私が気になった観音さまは⑪プレータサンタルピタ観音です。
なぜこの観音さまのことが気になるかと言うと、凄く曖昧な話なんですが「たまたまた仏画を見かけて気になったから」という理由です。
その仏画は、『密教仏像事典 頼富本宏・下泉全暁著(人文書院)』で見かけた下記の絵です。
(引用:『密教仏像事典 頼富本宏・下泉全暁著(人文書院)』)
なんで気になったのか?それは両手で与願印をしている姿がなんとも異様に感じたからです。与願印といえば通常は施無畏印とセットで使われる印相なのにどうして諸手で「与願印」なんだ?ということが妙に引っかかりました。

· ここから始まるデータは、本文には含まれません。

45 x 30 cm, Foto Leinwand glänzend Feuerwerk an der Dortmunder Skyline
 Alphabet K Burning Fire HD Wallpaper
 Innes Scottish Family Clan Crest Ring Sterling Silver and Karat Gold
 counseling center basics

そして私は『密教仏像事典 頼富本宏・下泉全暁著(人文書院)』に書かれていたこの観音さまの説明文、つまり「死霊(餓鬼)を救済する観音さま」という説明を見て、「ザワザワ」と心にさざ波が立ちました。
「え?「死霊」を救うために諸手で与願印なの?片手じゃ足りないってこと?」
そんな疑問が俄かに沸き起こり迂闊にも「ゾワゾワ」としてしまいました。
私は過去に冥府の王、焔摩天に強い信仰を感じるという話題を書きました。また死肉を食らう荼枳尼天を墓所で教化した摩訶伽羅天とも強いご縁があることを書きました。だから潜在的に「死」と結びついた尊格を意識しやすいのかもしれません。
しかし、偶然気になった観音がまさがまたもや「死」を連想する「死霊を救済する観音」だったとなると、さすがに「ザワザワ」します。
しかし、今のところだからと言ってこれ以上のこの観音さまを深堀するつもりはないのですが(ネットではほぼ情報は拾えないし)、それでもとても気になる思いが抜けないのが正直なところ……
また将来ご縁があるようならまたその時はブログで紹介してみます。